L’opéra sublime de Lars Von Trier
Le réalisateur danois construit son dernier opus comme une puissante œuvre lyrique en deux actes encadrés d’une ouverture et d’un épilogue. D’une beauté visuelle à couper le souffle, le prélude expose en image l’ensemble des thèmes qui vont structurer le film. C’est d’ailleurs le rôle des ouvertures lyriques romantiques. Puis vient le 1er acte. Un couple de jeunes mariés, Justine et Michael, beaux comme des dieux nordiques, sont dans une gigantesque limousine, gigantesque au point de peiner à prendre un virage sur cette petite route de campagne suédoise qui doit amener le jeune couple jusqu’au somptueux château dans lequel une multitude d’invités en smokings et robes longues les attend impatiemment. Ils finiront par arriver. A pied. La fête est somptueuse. Elle a été réglée à grand renfort financier par la sœur de Justine, Claire. Les discours traditionnels montrent rapidement des failles sévères dans l’ambiance générale. Puis Justine, que l’on voit radieuse, se retire soudain de la fête. Elle y reviendra, pour prendre définitivement congé d’un époux et surtout d’une vie annoncée qu’elle refuse au plus profond d’elle-même. L’ambiance est aussi un peu particulière car s’approche de la Terre la planète Melancholia. D’après les astrophysiciens, elle devrait l’éviter. Sinon… Le 2nd acte peut commencer, ce sera celui de Claire, pragmatique petite sœur, folle de peur à l’idée que la fin du monde est proche. Du fin fond de sa déprime, Justine la rassure et s’occupe aussi de son jeune neveu, également angoissé par l’imminence d’une possible catastrophe. En fait, les scientifiques se sont trompés. La planète va percuter de plein fouet notre Terre. La mélancolique Justine va prendre les choses en main et faire franchir cette étape douloureuse le mieux possible à tout son petit monde. Cela nous vaut un épilogue absolument bouleversant, porté par la sublime partition du Tristan et Isolde de Wagner. A l’intérieur d’une bien fragile cabane de bois, Justine forme un cercle parfait avec sa sœur et le jeune fils de celle-ci. La planète, bleue, couleur de la virginité, va tout faire disparaître, tout ce que Justine rejette dans ce monde. Justine est sereine car cette catastrophe est pour elle libératrice. Cette apocalypse est d’une intensité insoutenable de beauté et d’émotion. L’Alpha et l’Oméga du genre humain vont se cristalliser à jamais pour donner naissance à un nouveau jour. Si une fois le terme de sublime peut-être employé sans exagération, c’est bien ici.

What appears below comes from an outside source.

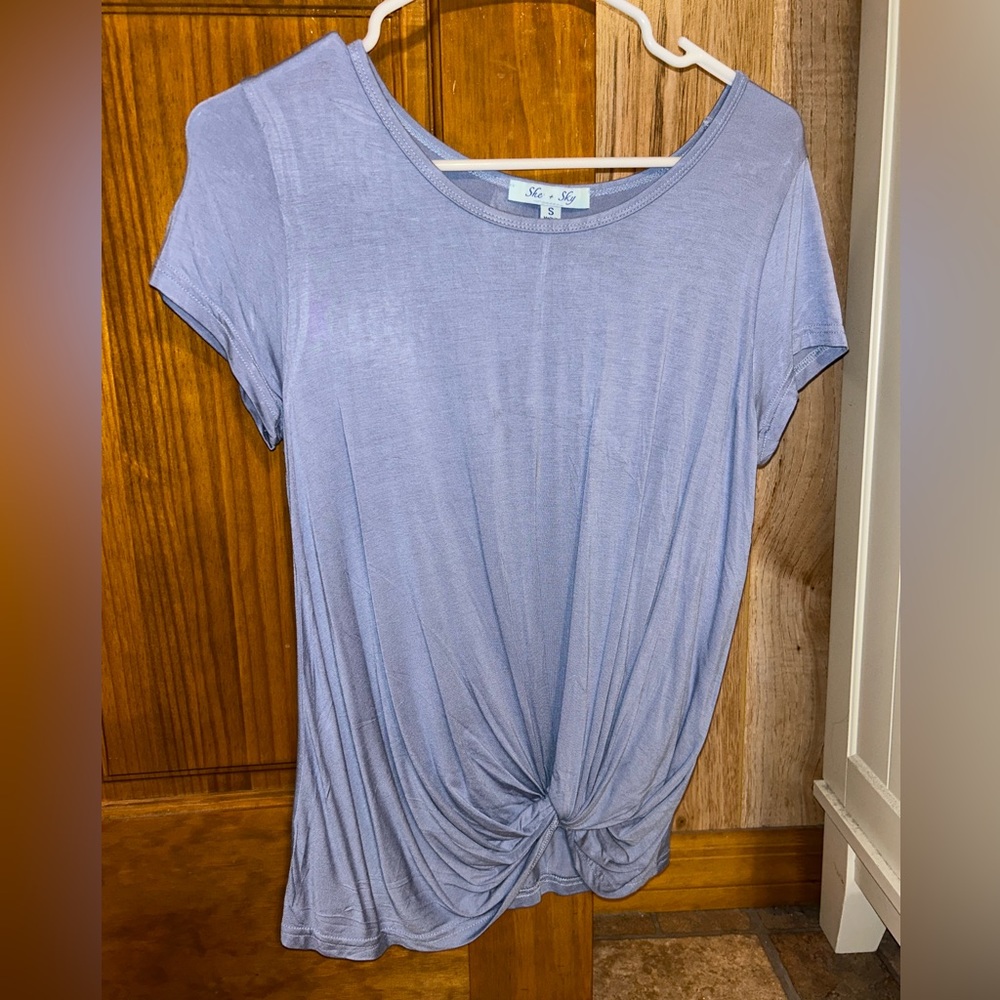 She + Sky knot tee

Malgré le passage au statut de persona non grata de Lars von Trier au dernier festival de Cannes suite à ses propos plus que douteux sur Hitler et les Juifs, son film a valu la récompense suprême à l’interprète de Justine : Kirsten Dunst. A ses côtés, que du beau monde : Charlotte Gainsbourg (Claire), John Hurt, Charlotte Rampling, Stellan et Alexander Skarsgard, Kiefer Sutherland.